Give me insight, illumination, intuition, inspiration.  

No. It's not happening.  Creativity refuses to be coerced by the clock.

 

I had gone to a conference wondering if I could find a way for PhD students to study care, respect, mutuality or love. Given the events of the last few weeks, it seemed to matter more than anything else I could imagine.

But a question arose: "How should we set milestones for progression and creative achievement?"

This week (at last) I have an answer: "Wrong Question."

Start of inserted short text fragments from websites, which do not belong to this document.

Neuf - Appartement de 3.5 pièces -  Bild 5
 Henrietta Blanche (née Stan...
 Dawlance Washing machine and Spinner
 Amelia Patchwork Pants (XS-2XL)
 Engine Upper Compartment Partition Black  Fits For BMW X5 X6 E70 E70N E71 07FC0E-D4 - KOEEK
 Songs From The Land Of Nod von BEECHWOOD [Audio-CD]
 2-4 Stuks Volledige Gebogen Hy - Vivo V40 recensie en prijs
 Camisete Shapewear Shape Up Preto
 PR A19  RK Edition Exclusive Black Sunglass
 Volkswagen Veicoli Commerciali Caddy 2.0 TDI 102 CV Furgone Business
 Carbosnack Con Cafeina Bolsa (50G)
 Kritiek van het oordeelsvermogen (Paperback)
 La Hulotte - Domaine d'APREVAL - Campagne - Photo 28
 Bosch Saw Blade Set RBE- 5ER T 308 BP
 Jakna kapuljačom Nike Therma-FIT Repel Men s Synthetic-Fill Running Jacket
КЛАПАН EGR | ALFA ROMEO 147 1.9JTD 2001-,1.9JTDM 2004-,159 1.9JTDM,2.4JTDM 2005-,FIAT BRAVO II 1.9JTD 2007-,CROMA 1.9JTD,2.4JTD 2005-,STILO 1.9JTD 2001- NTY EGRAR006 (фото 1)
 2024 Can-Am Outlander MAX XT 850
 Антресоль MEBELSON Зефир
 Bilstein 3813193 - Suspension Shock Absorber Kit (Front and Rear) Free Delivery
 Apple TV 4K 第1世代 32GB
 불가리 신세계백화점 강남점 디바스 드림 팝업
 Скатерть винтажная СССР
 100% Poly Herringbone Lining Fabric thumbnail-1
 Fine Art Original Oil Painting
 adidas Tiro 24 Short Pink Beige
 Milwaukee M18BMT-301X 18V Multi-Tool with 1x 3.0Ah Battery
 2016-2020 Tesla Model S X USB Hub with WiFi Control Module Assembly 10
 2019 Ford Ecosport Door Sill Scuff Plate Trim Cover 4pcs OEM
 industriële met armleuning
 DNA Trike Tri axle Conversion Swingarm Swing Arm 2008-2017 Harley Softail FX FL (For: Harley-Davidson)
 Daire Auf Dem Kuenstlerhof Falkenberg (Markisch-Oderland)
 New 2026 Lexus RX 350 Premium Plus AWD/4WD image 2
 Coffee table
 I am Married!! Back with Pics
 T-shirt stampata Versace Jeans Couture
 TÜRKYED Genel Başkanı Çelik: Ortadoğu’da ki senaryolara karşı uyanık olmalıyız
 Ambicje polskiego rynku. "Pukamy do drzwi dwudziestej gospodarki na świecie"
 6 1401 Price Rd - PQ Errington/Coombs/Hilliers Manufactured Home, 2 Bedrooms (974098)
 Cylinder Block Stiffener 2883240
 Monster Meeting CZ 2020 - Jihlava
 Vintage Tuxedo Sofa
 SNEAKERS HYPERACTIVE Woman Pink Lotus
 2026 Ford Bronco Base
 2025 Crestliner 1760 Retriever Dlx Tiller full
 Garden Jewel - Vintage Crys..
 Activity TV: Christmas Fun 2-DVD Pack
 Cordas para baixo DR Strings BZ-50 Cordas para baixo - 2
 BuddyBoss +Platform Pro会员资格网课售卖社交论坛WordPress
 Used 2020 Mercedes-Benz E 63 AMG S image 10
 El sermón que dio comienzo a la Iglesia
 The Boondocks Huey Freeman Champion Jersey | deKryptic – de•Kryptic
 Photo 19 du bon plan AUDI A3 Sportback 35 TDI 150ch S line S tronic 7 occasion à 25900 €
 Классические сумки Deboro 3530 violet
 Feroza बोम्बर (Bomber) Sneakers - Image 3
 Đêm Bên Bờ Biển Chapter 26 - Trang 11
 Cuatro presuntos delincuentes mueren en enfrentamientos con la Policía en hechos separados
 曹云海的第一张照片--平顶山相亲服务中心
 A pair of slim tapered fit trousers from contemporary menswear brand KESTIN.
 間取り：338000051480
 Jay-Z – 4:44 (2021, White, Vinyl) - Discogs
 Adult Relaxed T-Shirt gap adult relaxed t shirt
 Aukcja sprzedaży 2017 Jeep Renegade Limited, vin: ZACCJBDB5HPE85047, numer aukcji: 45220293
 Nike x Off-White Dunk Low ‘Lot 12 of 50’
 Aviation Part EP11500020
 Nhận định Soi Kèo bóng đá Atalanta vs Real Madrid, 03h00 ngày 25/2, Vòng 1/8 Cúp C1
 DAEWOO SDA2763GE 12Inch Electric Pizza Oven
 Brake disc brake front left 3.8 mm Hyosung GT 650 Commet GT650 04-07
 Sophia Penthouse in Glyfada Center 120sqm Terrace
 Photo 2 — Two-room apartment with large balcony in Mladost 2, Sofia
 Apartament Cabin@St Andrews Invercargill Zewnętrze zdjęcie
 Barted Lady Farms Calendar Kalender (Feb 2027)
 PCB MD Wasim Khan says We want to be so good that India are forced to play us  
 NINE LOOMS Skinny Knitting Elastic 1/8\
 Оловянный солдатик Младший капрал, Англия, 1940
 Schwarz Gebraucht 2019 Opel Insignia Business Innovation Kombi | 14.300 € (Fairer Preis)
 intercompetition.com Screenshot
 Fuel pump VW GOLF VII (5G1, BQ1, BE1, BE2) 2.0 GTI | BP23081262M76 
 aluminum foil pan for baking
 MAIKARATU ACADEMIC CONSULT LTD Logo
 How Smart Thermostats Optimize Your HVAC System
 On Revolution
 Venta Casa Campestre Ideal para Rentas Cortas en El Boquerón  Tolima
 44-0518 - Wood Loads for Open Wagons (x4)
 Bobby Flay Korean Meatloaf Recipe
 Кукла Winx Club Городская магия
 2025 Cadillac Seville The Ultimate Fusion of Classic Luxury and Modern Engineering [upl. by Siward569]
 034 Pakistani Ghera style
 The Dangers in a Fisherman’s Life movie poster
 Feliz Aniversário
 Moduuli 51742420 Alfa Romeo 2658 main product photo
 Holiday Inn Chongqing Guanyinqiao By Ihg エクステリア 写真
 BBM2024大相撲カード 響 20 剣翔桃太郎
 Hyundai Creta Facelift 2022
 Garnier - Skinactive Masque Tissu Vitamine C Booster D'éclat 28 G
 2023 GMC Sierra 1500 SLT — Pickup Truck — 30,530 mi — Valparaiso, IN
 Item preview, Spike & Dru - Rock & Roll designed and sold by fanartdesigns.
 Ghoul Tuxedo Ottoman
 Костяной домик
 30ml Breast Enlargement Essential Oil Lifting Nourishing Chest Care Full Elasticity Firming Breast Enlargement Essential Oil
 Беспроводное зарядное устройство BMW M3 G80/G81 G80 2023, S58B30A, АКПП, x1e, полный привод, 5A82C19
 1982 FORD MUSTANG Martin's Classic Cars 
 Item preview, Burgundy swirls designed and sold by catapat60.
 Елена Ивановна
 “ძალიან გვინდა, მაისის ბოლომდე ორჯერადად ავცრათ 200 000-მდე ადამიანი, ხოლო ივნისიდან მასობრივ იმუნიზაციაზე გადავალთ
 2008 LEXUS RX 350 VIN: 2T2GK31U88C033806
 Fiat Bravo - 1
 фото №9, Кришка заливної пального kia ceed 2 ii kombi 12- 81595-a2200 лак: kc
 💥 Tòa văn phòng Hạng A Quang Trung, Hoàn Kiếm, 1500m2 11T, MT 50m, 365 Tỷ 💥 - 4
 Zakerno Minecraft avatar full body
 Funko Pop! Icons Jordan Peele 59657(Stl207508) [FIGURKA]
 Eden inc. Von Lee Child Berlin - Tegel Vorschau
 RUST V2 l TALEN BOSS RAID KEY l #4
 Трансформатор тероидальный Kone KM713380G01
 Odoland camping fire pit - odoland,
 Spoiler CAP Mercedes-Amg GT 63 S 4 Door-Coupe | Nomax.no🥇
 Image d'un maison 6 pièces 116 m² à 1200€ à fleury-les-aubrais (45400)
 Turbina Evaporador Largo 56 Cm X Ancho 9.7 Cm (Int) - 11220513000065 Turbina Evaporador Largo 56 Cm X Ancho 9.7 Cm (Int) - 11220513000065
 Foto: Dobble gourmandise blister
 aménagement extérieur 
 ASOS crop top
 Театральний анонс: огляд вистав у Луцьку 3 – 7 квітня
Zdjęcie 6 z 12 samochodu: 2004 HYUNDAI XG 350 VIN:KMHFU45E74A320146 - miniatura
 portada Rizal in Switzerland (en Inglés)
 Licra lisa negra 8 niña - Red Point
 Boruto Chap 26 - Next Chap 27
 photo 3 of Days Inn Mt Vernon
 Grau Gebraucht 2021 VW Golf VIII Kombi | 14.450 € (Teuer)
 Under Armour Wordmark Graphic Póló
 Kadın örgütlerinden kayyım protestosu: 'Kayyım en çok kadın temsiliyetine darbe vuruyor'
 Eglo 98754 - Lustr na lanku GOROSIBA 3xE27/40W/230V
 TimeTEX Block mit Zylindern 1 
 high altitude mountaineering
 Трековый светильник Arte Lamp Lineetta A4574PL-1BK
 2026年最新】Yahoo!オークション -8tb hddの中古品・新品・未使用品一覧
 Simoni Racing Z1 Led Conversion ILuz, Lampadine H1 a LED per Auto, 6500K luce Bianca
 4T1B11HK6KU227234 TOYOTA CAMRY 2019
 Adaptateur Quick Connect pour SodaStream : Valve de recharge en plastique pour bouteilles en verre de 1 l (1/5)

My inquisitor was well-intentioned, wondering how to help doctoral candidates make their unique, creative contribution to knowledge in a controlled, regular, timely fashion.  It's a seductive idea that cascades down throughout our schools and colleges, and woe betide those whose creative insights occur just after that assessed paper is due... At all levels of education,  time runs out when we are waiting for creative moments to occur.  

Education runs to a timetable.

Creativity is a non-linear process; we can measure our effort (that is, real effort - not the effort that goes into sharpening all our pencils or noodling around wishing it was easy...) but we can't presume that our effort is directly connected to 'results'.  

Sometimes it works, sometimes it doesn't.

Discipline, holding ourself accountable for showing up and committing to actually do some work, is helpful.  Then the clock might be kind to us.  

 

And now a phrase is coming to mind....

'Sustained engagement.'

I've almost certainly stolen those words - that's one of the ways creativity works. 

 

So, if we can sustain our engagement, keep trying, constantly setting the conditions, supporting each other, promoting mutual synchronicity, having the right conversations, doing the work, then maybe we could measure that?  (And the 'we' is important here...).

And if, as tutors and administrators, businesses owners and leaders of institutions, we can find a way to disconnect the tyranny of the clock from our precious creativity then we might be able to focus our attention on what really matters in the world.

 

Notes:

Take a look at Elizabeth Gilbert's funny, poignant and fascinating TED talk on 'Your elusive genius.'

Hugh McLeod's advice on creativity: "Ignore Everybody."

From the bookshelf; 'Steal like an Artist' by Austin Kleon.